Outer-space branch-and-bound algorithm for generalized linear multiplicative programs
Bo Zhang
TL;DR
This work tackles global optimization of the generalized linear multiplicative program ($GLMP$), a nonconvex problem arising in diverse applications. It transforms GLMP to an equivalent problem ($EP$) via a logarithmic lift and develops an outer-space simplicial branch-and-bound framework (OSSBBA) that relies on a simplex-based convex relaxation to obtain tight lower bounds while performing branching on simplices. The algorithm provides a finite termination guarantee with a derived iteration bound and demonstrates convergence and complexity analyses, complemented by numerical experiments. Across small-scale problems, OSSBBA is competitive with existing solvers, and on large-scale instances it often outperforms BARON and related BB methods, highlighting its potential for scalable global optimization of GLMP. These results suggest a practical, theoretically grounded approach for GLMPs, with room for enhancement through improved relaxations and branching strategies.
Abstract
This paper introduces a new global optimization algorithm for solving the generalized linear multiplicative problem (GLMP). The algorithm starts by introducing $\bar{p}$ new variables and applying a logarithmic transformation to convert the problem into an equivalent problem (EP).

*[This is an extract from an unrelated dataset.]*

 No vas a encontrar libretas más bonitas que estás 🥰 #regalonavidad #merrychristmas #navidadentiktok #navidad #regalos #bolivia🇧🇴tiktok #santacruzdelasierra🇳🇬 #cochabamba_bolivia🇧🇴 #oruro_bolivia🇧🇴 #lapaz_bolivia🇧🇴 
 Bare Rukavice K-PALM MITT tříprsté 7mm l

By using the strong duality of linear program, a new convex relaxation subproblem is formulated to obtain the lower bounds for the optimal value of EP. This relaxation subproblem, combined with a simplicial branching process, forms the foundation of a simplicial branch-and-bound algorithm that can globally solve the problem. The paper also includes an analysis of the theoretical convergence and computational complexity of the algorithm. Additionally, numerical experiments are conducted to demonstrate the effectiveness of the proposed algorithm in various test instances.